Resulta da leitura das normas sindicadas que, não obstante ter sido reduzido o prazo para a conservação dos dados de tráfego, pode interpretar-se que se pode continuar a permitir a sua recolha indiscriminada, o que pode não se conformar com o decidido pelo Tribunal no acórdão citado.

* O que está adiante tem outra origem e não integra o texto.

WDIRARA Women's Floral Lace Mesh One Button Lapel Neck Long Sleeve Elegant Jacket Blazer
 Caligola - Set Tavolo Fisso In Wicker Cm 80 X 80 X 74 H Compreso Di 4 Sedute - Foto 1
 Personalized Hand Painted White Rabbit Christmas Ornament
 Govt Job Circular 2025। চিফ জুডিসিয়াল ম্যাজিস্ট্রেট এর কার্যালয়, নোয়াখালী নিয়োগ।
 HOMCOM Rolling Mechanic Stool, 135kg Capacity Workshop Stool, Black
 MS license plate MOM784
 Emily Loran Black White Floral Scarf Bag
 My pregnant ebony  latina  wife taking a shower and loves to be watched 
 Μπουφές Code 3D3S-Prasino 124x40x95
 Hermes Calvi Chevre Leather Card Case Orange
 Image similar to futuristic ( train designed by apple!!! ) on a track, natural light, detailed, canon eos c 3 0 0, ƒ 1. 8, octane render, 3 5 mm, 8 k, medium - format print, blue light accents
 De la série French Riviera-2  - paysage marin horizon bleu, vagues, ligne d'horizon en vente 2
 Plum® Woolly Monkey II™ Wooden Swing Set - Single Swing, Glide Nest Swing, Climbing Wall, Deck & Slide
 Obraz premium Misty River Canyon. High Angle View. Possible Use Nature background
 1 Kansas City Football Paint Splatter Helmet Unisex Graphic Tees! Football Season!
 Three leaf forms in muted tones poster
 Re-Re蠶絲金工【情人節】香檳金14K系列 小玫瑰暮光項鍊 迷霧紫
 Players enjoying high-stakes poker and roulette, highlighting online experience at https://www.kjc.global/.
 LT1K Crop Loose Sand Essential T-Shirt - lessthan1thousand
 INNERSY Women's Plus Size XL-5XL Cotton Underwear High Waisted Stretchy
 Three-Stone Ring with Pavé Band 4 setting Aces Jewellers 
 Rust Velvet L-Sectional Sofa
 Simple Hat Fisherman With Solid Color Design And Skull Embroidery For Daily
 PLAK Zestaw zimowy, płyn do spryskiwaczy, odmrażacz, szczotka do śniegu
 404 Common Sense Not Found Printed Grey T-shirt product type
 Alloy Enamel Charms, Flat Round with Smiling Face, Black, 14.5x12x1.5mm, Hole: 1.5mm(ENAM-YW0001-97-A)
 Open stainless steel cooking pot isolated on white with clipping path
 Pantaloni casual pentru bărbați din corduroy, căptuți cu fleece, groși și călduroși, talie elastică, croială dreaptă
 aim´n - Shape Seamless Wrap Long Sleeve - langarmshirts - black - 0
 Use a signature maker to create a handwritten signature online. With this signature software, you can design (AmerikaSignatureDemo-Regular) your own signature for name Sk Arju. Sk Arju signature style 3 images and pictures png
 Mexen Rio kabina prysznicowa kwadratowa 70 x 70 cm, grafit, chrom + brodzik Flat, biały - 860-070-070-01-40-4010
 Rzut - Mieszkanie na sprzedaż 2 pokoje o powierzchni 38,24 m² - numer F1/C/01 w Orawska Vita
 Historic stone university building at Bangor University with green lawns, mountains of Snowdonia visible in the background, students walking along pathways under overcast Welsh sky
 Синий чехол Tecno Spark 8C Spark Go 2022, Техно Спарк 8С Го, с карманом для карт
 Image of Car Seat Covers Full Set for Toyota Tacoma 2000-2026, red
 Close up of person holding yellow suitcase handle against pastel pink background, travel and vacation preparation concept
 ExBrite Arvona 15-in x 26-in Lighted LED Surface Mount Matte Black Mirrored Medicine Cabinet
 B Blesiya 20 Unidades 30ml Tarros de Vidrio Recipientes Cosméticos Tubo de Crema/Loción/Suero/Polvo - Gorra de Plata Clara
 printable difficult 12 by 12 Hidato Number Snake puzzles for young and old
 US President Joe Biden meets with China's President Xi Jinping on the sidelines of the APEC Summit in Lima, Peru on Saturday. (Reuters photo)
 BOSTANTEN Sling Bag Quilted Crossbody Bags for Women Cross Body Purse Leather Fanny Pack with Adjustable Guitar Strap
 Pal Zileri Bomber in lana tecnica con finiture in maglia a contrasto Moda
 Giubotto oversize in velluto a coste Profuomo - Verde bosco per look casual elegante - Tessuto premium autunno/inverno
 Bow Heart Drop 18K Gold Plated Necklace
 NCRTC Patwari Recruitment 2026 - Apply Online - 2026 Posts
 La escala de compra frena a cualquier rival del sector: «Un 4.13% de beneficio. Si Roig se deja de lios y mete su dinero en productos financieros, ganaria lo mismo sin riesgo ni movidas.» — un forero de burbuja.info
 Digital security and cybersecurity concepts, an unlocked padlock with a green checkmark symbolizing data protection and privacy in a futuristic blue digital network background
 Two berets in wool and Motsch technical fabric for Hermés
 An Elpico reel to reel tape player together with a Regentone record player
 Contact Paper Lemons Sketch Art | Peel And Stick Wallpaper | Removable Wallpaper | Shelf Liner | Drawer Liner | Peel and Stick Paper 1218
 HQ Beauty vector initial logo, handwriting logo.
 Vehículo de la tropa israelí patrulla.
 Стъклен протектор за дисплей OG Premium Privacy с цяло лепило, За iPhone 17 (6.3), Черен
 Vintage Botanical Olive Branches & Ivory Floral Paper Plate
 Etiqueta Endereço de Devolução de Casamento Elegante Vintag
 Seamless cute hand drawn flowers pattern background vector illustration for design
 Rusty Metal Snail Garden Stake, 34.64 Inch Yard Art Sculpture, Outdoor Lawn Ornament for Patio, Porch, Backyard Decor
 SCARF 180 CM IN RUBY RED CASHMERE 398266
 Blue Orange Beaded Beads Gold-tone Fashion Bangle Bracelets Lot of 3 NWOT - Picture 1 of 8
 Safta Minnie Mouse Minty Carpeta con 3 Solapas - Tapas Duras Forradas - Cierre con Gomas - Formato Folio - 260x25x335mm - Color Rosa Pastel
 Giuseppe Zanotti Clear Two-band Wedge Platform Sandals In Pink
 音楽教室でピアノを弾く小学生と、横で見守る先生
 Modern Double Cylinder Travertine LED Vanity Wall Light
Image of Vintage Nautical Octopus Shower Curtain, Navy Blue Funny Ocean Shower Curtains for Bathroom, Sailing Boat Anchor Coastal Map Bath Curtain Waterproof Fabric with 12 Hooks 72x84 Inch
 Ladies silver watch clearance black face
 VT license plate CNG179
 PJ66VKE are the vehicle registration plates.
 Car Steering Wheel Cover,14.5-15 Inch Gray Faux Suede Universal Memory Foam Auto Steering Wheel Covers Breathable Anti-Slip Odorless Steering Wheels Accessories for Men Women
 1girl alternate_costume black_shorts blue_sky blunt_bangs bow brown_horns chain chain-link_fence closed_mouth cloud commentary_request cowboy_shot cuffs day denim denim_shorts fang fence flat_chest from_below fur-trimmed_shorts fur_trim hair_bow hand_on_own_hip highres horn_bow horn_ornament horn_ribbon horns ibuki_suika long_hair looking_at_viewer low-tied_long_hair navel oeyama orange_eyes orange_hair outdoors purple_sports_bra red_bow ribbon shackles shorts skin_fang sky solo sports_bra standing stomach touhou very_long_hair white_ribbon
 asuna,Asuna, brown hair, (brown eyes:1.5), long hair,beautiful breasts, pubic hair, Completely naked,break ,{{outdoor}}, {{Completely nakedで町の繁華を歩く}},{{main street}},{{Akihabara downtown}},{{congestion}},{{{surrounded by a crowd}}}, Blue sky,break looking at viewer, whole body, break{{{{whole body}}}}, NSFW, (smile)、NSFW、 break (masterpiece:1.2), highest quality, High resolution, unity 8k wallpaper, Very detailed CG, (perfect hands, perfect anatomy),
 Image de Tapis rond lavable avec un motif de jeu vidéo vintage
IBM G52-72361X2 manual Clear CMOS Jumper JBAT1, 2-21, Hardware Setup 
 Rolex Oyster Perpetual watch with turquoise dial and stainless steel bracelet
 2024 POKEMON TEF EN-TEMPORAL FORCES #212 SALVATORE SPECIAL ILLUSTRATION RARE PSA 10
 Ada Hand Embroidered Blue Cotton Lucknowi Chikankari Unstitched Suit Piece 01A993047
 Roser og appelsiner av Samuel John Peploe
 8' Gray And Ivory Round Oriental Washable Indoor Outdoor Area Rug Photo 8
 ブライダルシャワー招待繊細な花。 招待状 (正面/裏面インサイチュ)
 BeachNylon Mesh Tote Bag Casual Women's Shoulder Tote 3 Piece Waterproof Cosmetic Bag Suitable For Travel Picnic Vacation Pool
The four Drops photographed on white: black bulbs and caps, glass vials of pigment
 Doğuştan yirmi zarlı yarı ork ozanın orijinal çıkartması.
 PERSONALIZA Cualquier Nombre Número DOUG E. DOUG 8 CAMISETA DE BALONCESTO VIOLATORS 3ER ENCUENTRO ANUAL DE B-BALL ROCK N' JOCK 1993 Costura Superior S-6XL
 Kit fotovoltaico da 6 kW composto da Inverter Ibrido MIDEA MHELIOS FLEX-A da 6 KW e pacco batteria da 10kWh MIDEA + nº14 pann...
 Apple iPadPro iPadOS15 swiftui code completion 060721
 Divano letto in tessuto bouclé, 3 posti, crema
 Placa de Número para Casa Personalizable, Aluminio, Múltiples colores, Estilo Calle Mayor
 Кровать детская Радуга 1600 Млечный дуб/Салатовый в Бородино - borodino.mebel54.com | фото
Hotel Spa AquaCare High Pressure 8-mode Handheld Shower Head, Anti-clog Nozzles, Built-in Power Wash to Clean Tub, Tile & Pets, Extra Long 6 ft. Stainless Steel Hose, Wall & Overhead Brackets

O Tribunal afirmou então que a recolha indiscriminada destes dados violaria, só por si, o princípio da proporcionalidade, perdendo relevância a apreciação dos demais elementos, entre os quais o prazo.

8.º

De igual modo, importa verificar se a notificação ao visado, nos termos em que é prevista na nova redação do artigo 9º, satisfaz as exigências constantes do referido acórdão do Tribunal Constitucional, designadamente no que respeita ao princípio da proporcionalidade.

Ante o exposto, e dada a importância de garantir a certeza jurídica em tão delicada e controversa matéria, requer-se, nos termos do n.º 1 do art.º 278.º da Constituição, bem como do n.º 1 do art.º 51º e n.º 1 do art.º 57º da Lei n.º 28/82, de 15 de novembro, a fiscalização preventiva da constitucionalidade das normas constantes do artigo 2.º, na parte em que altera o artigo 4.º da lei n.º 32/2008, de 17 de julho; do artigo 2.º, na parte em que altera o artigo 4.º quando conjugado com o artigo 6.º da lei n.º 32/2008, de 17 de julho; e do artigo 2.º, na parte em que altera o artigo 9.º da lei n.º 32/2008, de 17 de julho, do Decreto n.º 91/XV da Assembleia da República, por violação do disposto nos números 1 e 4 do artigo 35.º e do n.º 1 do artigo 26.º, em conjugação com o n.º 2 do artigo n.º 18.º, e disposto no n.º 1 do artigo 35.º e do n.º 1 do artigo 20.º, em conjugação com o n.º 2 do artigo 18.º, todos da Constituição da República Portuguesa.

Apresento a Vossa Excelência os meus mais respeitosos cumprimentos.